* **Provided records**
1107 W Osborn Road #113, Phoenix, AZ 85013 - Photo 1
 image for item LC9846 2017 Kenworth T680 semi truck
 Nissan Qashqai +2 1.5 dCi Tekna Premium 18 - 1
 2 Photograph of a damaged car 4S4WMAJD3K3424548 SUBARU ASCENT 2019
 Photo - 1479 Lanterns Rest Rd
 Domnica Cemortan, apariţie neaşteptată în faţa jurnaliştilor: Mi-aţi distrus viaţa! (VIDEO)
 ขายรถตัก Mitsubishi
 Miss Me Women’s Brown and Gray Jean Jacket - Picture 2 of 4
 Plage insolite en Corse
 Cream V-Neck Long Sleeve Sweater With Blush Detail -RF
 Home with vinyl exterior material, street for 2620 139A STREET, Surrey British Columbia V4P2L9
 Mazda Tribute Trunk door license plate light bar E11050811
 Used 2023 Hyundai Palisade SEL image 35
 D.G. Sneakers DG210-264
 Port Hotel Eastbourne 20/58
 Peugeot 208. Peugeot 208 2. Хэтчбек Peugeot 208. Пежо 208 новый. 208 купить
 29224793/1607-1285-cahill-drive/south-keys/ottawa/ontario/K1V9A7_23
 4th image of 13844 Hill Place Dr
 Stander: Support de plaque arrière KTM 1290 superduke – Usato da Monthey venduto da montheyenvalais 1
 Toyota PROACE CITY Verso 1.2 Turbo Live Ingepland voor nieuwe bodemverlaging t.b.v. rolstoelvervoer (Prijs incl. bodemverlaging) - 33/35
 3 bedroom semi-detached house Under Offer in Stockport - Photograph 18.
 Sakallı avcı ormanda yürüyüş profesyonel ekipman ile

* **Work item**
Write out every record verbatim.

* **Answer below**
1107 W Osborn Road #113, Phoenix, AZ 85013 - Photo 1
 image for item LC9846 2017 Kenworth T680 semi truck
 Nissan Qashqai +2 1.5 dCi Tekna Premium 18 - 1
 2 Photograph of a damaged car 4S4WMAJD3K3424548 SUBARU ASCENT 2019
 Photo - 1479 Lanterns Rest Rd
 Domnica Cemortan, apariţie neaşteptată în faţa jurnaliştilor: Mi-aţi distrus viaţa! (VIDEO)
 ขายรถตัก Mitsubishi
 Miss Me Women’s Brown and Gray Jean Jacket - Picture 2 of 4
 Plage insolite en Corse
 Cream V-Neck Long Sleeve Sweater With Blush Detail -RF
 Home with vinyl exterior material, street for 2620 139A STREET, Surrey British Columbia V4P2L9
 Mazda Tribute Trunk door license plate light bar E11050811
 Used 2023 Hyundai Palisade SEL image 35
 D.G. Sneakers DG210-264
 Port Hotel Eastbourne 20/58
 Peugeot 208. Peugeot 208 2. Хэтчбек Peugeot 208. Пежо 208 новый. 208 купить
 29224793/1607-1285-cahill-drive/south-keys/ottawa/ontario/K1V9A7_23
 4th image of 13844 Hill Place Dr
 Stander: Support de plaque arrière KTM 1290 superduke – Usato da Monthey venduto da montheyenvalais 1
 Toyota PROACE CITY Verso 1.2 Turbo Live Ingepland voor nieuwe bodemverlaging t.b.v. rolstoelvervoer (Prijs incl. bodemverlaging) - 33/35
 3 bedroom semi-detached house Under Offer in Stockport - Photograph 18.
 Sakallı avcı ormanda yürüyüş profesyonel ekipman ile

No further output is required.